◆ Input for this task ◆
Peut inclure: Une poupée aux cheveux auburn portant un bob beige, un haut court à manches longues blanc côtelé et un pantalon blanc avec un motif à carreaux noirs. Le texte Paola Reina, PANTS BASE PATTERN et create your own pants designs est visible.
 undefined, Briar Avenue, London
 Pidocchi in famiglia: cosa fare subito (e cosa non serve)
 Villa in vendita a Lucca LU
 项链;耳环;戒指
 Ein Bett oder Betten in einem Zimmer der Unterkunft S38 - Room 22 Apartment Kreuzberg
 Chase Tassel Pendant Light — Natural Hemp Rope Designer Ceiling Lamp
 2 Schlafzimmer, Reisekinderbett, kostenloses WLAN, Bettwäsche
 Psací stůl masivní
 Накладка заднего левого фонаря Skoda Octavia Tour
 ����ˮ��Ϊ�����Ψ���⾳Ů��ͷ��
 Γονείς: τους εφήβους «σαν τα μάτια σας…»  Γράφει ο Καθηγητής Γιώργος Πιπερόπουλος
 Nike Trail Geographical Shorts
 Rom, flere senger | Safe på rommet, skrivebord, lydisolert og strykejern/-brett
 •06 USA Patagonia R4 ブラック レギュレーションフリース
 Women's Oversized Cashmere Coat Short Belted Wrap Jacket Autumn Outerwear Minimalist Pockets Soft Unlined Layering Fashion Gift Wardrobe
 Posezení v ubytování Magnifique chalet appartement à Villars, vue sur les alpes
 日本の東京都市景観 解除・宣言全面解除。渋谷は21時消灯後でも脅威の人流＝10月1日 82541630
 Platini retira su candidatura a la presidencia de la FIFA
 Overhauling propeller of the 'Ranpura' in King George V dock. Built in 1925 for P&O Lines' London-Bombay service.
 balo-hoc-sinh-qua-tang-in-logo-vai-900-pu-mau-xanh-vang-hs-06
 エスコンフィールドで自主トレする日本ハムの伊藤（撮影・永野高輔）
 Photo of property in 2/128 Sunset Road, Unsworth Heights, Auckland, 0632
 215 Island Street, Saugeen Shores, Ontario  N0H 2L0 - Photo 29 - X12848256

◆ Work request ◆
Print only the lines that run from the start of the listing to the line bearing "Platini retira su"; please keep the first line and that last one, exactly as they appear.

◆ Your solution ◆
Peut inclure: Une poupée aux cheveux auburn portant un bob beige, un haut court à manches longues blanc côtelé et un pantalon blanc avec un motif à carreaux noirs. Le texte Paola Reina, PANTS BASE PATTERN et create your own pants designs est visible.
 undefined, Briar Avenue, London
 Pidocchi in famiglia: cosa fare subito (e cosa non serve)
 Villa in vendita a Lucca LU
 项链;耳环;戒指
 Ein Bett oder Betten in einem Zimmer der Unterkunft S38 - Room 22 Apartment Kreuzberg
 Chase Tassel Pendant Light — Natural Hemp Rope Designer Ceiling Lamp
 2 Schlafzimmer, Reisekinderbett, kostenloses WLAN, Bettwäsche
 Psací stůl masivní
 Накладка заднего левого фонаря Skoda Octavia Tour
 ����ˮ��Ϊ�����Ψ���⾳Ů��ͷ��
 Γονείς: τους εφήβους «σαν τα μάτια σας…»  Γράφει ο Καθηγητής Γιώργος Πιπερόπουλος
 Nike Trail Geographical Shorts
 Rom, flere senger | Safe på rommet, skrivebord, lydisolert og strykejern/-brett
 •06 USA Patagonia R4 ブラック レギュレーションフリース
 Women's Oversized Cashmere Coat Short Belted Wrap Jacket Autumn Outerwear Minimalist Pockets Soft Unlined Layering Fashion Gift Wardrobe
 Posezení v ubytování Magnifique chalet appartement à Villars, vue sur les alpes
 日本の東京都市景観 解除・宣言全面解除。渋谷は21時消灯後でも脅威の人流＝10月1日 82541630
 Platini retira su candidatura a la presidencia de la FIFA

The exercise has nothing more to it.